Он нашёл себе новую девушку, вернее, череду новых девушек, а она так и осталась одна, слишком гордая, чтобы просить его вернуться, и слишком робкая и вежливая, чтобы потребовать этого. Если бы Ковалевский позвал, Ева, бросив всё, пришла бы. Но он не звал, а когда, наконец, решился, было уже поздно. Она связала себя бледным подобием отношений, чтобы хоть как-то заменить его, хоть как-то затушить пылающий в её груди пожар. Увы, но помогало плохо, и среди серых будней перед внутренним взором Евы неизменно представал Ковалевский. Он был её призраком, её личным проклятием. Она бы с радостью вырвала себе сердце, лишь бы не чувствовать боль и осознание того, что она горит, не желая потухать, и всеми силами стремится к нему, к тому, кто был её миром, одновременно причиняя страдания.

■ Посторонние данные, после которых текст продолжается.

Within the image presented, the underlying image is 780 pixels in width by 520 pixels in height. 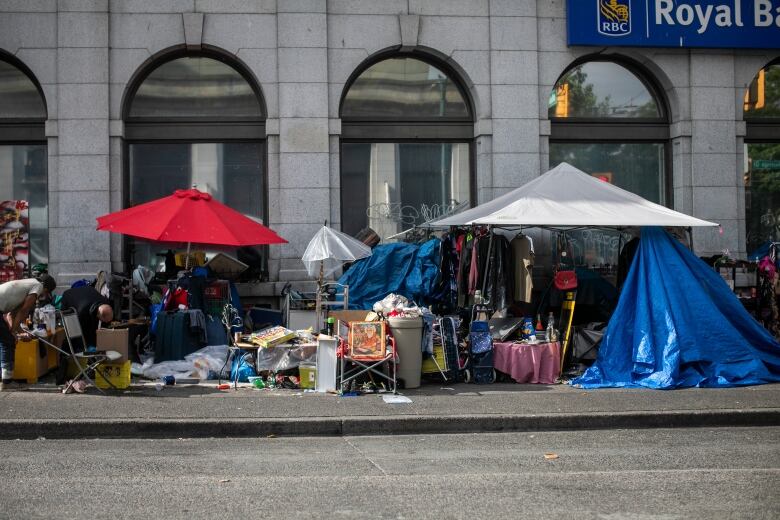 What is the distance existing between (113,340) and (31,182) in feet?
16.1

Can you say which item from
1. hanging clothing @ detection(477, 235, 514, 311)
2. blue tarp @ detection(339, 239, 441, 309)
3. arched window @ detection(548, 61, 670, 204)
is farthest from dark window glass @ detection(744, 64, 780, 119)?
blue tarp @ detection(339, 239, 441, 309)

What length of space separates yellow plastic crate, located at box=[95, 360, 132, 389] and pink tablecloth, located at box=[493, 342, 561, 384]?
5.08 meters

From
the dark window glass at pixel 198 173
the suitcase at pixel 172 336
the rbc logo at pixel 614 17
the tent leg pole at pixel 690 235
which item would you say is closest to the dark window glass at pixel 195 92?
the dark window glass at pixel 198 173

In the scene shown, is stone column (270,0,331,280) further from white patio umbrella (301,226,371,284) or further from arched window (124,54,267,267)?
white patio umbrella (301,226,371,284)

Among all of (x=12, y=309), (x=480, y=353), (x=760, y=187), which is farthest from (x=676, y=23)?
(x=12, y=309)

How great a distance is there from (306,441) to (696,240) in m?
9.39

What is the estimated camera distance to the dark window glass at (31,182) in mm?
15453

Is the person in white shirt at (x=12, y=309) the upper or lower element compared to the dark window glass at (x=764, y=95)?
lower

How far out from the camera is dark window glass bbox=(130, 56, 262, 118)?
1559cm

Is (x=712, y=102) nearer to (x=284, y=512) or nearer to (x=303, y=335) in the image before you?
(x=303, y=335)

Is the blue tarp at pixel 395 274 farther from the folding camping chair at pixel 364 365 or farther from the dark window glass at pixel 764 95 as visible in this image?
the dark window glass at pixel 764 95

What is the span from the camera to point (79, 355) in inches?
458

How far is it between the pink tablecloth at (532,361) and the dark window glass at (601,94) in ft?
17.2

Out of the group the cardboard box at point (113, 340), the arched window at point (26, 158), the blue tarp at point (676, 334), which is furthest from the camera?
the arched window at point (26, 158) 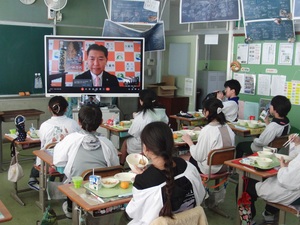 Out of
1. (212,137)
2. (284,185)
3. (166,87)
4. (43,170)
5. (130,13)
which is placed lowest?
(43,170)

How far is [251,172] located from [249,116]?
2905 mm

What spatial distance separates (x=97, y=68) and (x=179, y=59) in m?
1.89

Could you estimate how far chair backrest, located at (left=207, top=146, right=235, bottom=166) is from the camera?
3.55m

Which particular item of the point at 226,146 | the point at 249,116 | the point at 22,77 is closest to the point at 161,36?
the point at 249,116

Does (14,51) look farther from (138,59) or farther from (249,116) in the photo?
(249,116)

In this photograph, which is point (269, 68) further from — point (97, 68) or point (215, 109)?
point (97, 68)

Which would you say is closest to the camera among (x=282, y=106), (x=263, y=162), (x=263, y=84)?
(x=263, y=162)

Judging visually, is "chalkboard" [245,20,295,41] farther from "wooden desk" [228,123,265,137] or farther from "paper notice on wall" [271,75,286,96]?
"wooden desk" [228,123,265,137]

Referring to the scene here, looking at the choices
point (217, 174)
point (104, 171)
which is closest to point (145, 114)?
point (217, 174)

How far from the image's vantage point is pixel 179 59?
24.1 feet

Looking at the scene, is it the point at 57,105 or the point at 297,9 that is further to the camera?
the point at 297,9

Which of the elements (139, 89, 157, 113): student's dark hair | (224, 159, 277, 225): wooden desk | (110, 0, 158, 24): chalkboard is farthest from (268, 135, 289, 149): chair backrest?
(110, 0, 158, 24): chalkboard

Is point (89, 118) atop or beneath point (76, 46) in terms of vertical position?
beneath

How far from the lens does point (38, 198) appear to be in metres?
4.38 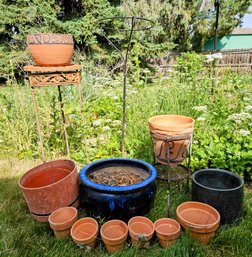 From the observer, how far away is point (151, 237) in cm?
141

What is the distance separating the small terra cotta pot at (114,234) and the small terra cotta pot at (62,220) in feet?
0.75

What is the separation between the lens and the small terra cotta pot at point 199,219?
1.40 metres

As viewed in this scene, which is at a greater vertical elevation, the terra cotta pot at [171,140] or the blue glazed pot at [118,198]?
the terra cotta pot at [171,140]

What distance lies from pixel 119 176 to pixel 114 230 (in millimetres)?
444

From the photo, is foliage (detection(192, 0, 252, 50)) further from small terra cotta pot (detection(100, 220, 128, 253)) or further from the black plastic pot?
small terra cotta pot (detection(100, 220, 128, 253))

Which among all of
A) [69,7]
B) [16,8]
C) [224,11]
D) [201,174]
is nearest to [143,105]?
[201,174]

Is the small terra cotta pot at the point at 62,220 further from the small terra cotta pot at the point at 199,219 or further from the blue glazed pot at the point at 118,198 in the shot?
the small terra cotta pot at the point at 199,219

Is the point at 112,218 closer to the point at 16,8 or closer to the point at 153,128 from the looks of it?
the point at 153,128

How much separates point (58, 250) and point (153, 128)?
1.12 metres

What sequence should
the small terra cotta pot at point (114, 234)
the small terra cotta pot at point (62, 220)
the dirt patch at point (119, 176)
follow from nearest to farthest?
1. the small terra cotta pot at point (114, 234)
2. the small terra cotta pot at point (62, 220)
3. the dirt patch at point (119, 176)

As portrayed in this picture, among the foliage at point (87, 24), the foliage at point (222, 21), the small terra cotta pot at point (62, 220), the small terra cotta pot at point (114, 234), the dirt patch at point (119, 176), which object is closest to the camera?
the small terra cotta pot at point (114, 234)

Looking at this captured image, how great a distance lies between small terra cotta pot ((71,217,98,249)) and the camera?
1.39 metres

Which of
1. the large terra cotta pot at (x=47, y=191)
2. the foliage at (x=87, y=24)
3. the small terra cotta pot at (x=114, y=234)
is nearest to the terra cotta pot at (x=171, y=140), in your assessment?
the small terra cotta pot at (x=114, y=234)

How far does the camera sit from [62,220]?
1558 mm
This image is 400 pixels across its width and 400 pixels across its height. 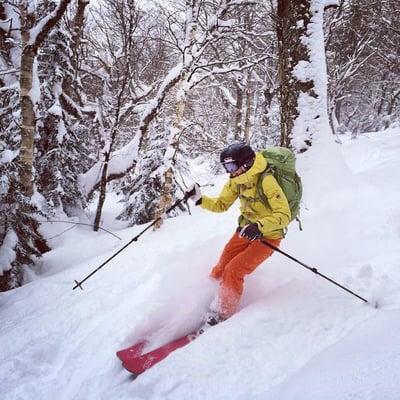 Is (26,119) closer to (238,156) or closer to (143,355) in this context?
(238,156)

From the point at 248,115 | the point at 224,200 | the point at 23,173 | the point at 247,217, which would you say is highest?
the point at 248,115

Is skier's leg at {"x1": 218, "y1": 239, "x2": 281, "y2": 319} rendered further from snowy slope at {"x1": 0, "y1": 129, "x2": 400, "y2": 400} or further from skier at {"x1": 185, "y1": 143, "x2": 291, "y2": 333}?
snowy slope at {"x1": 0, "y1": 129, "x2": 400, "y2": 400}

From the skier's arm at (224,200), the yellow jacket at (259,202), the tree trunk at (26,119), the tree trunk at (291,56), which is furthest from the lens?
the tree trunk at (26,119)

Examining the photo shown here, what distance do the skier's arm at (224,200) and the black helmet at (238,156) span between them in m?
0.53

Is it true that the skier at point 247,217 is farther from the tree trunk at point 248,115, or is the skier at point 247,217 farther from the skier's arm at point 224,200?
the tree trunk at point 248,115

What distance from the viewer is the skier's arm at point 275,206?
11.1ft

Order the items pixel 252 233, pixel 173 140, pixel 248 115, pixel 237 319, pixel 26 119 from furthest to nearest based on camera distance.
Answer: pixel 248 115, pixel 173 140, pixel 26 119, pixel 237 319, pixel 252 233

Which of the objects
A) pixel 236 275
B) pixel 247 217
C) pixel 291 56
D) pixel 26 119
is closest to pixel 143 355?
pixel 236 275

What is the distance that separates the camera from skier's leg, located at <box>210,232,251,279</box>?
13.7ft

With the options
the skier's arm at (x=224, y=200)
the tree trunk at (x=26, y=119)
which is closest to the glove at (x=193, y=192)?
the skier's arm at (x=224, y=200)

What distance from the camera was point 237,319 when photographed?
11.7ft

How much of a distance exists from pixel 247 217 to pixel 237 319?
111cm

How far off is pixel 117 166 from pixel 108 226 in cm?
301

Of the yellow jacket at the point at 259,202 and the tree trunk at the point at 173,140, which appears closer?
the yellow jacket at the point at 259,202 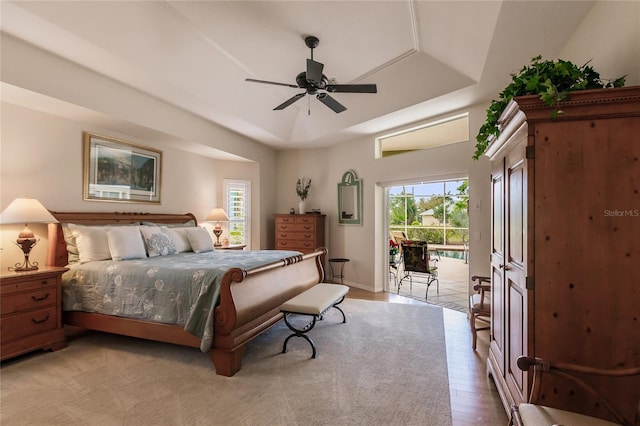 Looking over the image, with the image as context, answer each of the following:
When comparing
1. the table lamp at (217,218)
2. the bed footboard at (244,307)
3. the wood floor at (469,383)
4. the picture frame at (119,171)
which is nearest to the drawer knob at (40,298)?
the picture frame at (119,171)

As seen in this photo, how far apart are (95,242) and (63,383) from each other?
155cm

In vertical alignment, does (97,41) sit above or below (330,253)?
above

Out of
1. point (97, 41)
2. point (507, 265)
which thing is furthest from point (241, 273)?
point (97, 41)

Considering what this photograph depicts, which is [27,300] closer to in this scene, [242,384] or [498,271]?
[242,384]

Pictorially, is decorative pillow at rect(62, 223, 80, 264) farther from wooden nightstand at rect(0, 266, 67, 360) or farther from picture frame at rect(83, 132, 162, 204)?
picture frame at rect(83, 132, 162, 204)

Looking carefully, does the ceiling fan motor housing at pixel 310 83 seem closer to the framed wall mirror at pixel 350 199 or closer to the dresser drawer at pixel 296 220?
the framed wall mirror at pixel 350 199

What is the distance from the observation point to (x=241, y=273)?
2.59m

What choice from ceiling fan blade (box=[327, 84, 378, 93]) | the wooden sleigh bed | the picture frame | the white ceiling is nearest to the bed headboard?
the wooden sleigh bed

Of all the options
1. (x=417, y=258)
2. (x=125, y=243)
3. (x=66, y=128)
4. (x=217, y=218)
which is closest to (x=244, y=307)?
(x=125, y=243)

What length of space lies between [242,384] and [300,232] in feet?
12.7

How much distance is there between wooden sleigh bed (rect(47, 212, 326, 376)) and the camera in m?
2.55

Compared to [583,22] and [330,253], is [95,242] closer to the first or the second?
[330,253]

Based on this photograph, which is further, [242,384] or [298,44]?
[298,44]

Когда Ева больше не могла сдерживаться, то хватала телефон и яростно набирала на сенсорной клавиатуре слова, которые призваны были передать её чувства, которые она высказала лишь однажды. Чаще всего она стирала набранный текст, беря себя в руки, но сейчас её гордость уже ничего для неё не значила. Она больше не могла без него. И не могла с ним. Ева понимала, отчётливо понимала, что, получи она Ковалевского, то будет во сто крат несчастней, чем сейчас.
Сперва возродится пламя, оно поглотит её, оставив после себя только выжженную душу, которую не оросят даже слёзы ― всё будет сожжено страстью и горем. А ничего, кроме горя и страданий их близость не принесёт. Ева отдаст всё, а взамен получит… ничего. Ковалевский не умеет давать, он может лишь брать. Или нет. Он отдаст ей всего себя, как и она ему, но не оценит этой жертвы, спокойно подберёт всё, что от него останется и уйдёт дальше, оставив после себя испепелённую пустошь. Такова его натура. И будь он другим, разве любила бы она его?